With a Sunday deadline looming for petitions to be ratified and verified, organizers of the Keep Revenue in Randolph County group, seeking to make the county ‘wet’ for alcohol sales, were informed of several hundred signatures being rejected from the submitted petitions.
Group chairman Linda Bowlin described some of the rejections as understandable but the majority of those rejected seemed to be over minute or petty reasons.
Randolph County Clerk Rhonda Blevins explained her rationale to the concerned group meeting Wednesday morning at the old courthouse in downtown Pocahontas. She claimed she was trying to perform her job without allowing her personal beliefs on the matter to influence her.
“Do you want me to do a job right or do you want me to lean one way or the other?” Blevins asked, seeming to be perturbed by the question. “We are trying to follow the law.”
However, Blevins had difficulty in following the law in 2015, when the U.S. Supreme Court legalized same-sex marriage.

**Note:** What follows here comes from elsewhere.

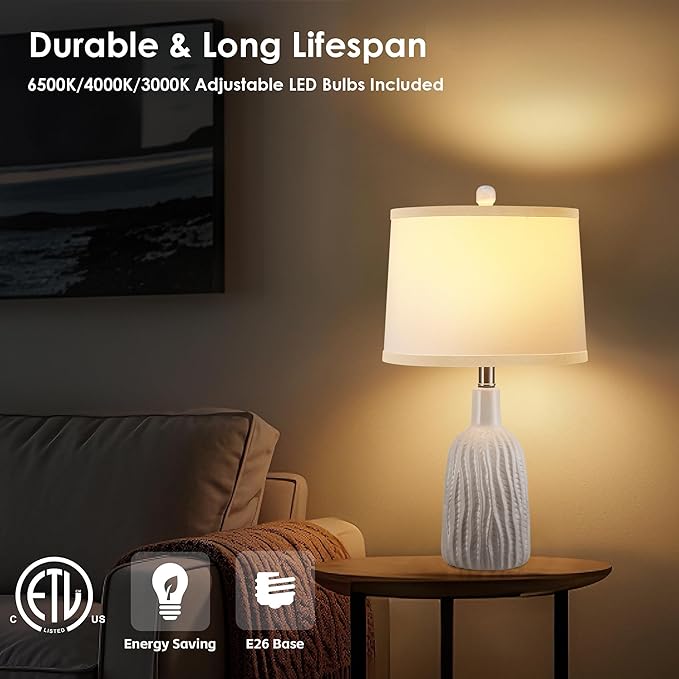GRUENLICH Ceramic Table Lamp Set of 2 for Nightstand, 22.5" Modern White Bedside Lamp with 3 Adjustable Color Temperature, Bedroom Light for Living Room Desk End Table Office (2 LED Bulbs Included)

In the days that followed, Blevins told media outlets she was waiting on God to tell her what to do.
“This is totally different. My personal views is [sic] not interfering,” Blevins said. “I am doing this as legal as we know how.”

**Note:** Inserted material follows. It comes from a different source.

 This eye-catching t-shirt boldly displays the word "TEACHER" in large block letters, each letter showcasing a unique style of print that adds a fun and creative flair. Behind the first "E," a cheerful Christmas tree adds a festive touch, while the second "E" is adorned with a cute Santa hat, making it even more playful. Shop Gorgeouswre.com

Blevins admitted to many mistakes during the rejection of signatures Wednesday morning, though. She and her office mistakenly rejected petition signatures who did not have three matching pieces of information to the voter registration. It was agreed upon Wednesday, including by Blevins, that only two (signature, birthdate, address) need to match.

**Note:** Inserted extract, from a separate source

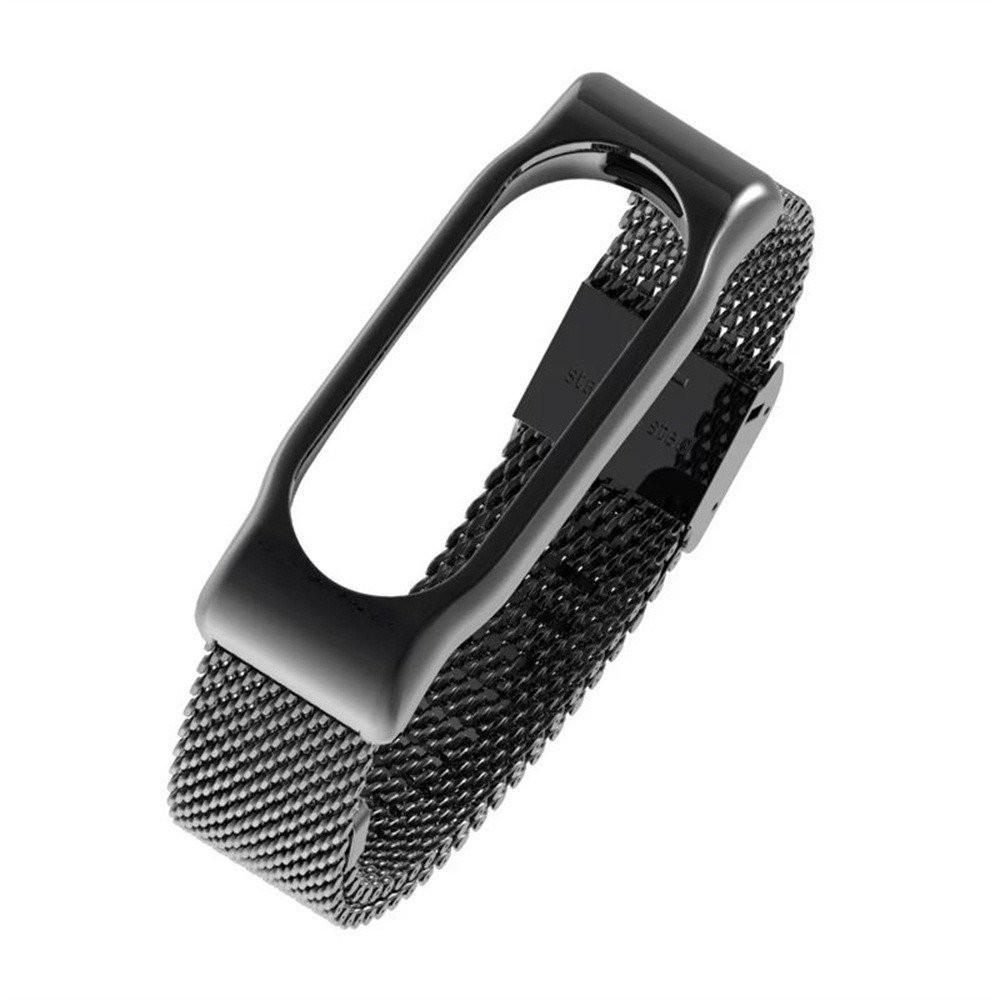 Dây đeo Milanese bằng thép không gỉ khung kim loại cho Xiaomi Mi Band 2 3 4 Miband 2 3 4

Blevins also said she would not be rejecting petition signatures because the signatures do not match, and admitted her staff was not trained in recognizing handwriting. She said the process will begin once again and she will go back through the entire list of names again.
What makes each rejection so important is, once a single signature is rejected on a petition page, the entire page of signatures is also rejected, even if they were all valid. This is not the only challenge, as a whopping 38 percent of registered Randolph County voters must sign the petition just to give voters in November the opportunity to vote yes or no. This is more people than who voted in the last election for county judge, Bowlin said.
Bowlin also said Blevins should be airing on the side of caution for voters’ rights, something she said Blevins did not appear to have always done in this situation.
The evidence seems to support this belief.
NEA Report obtained copies of a voter’s registration form, belonging to Kaffie Jean Smith. Smith’s signature on the registration form is in this photo:
However, Blevins office determined the above signature did not match the signature on the petition, visible here:
While no two signatures would be exact, the two resemble one another with the latter, obviously, being signed in more of a rush while the first, on the form, was signed with more time.
An easy-to-see difference between someone quickly signing a petition and someone methodically signing their registration form, right? Not to Blevins’ office. And we may know more about how so many mistakes similar to the one above were made.
An anonymous source shared a screenshot of a Randolph County deputy clerk’s Facebook status, posted as she processed petition signatures.
The post, visible only to those who are friends with Duff including the anonymous source, indicated she was listening to music while processing petitions and, potentially, rejecting hundreds of voters based on incorrect reasoning. By itself, this might not be a big detail but some were concerned with the lax attitude considering the number of mistakes made by Blevins’ office.
Bowlin was frantically trying to gather enough signatures to make up for those lost, but with only a few days before the deadline, she expressed frustration at Blevins efforts. In response, Blevins said she had “bent over backwards” to help Bowlin and the group’s petition.
Several questioned this, including one young lady who said she was a relative of Blevins. According to her, Blevins just returned from a vacation to the beach and had been unavailable for much of the time leading up to this week’s controversy.
And ironically, the relative of Blevins also said her signature was rejected by the county clerk for the petition.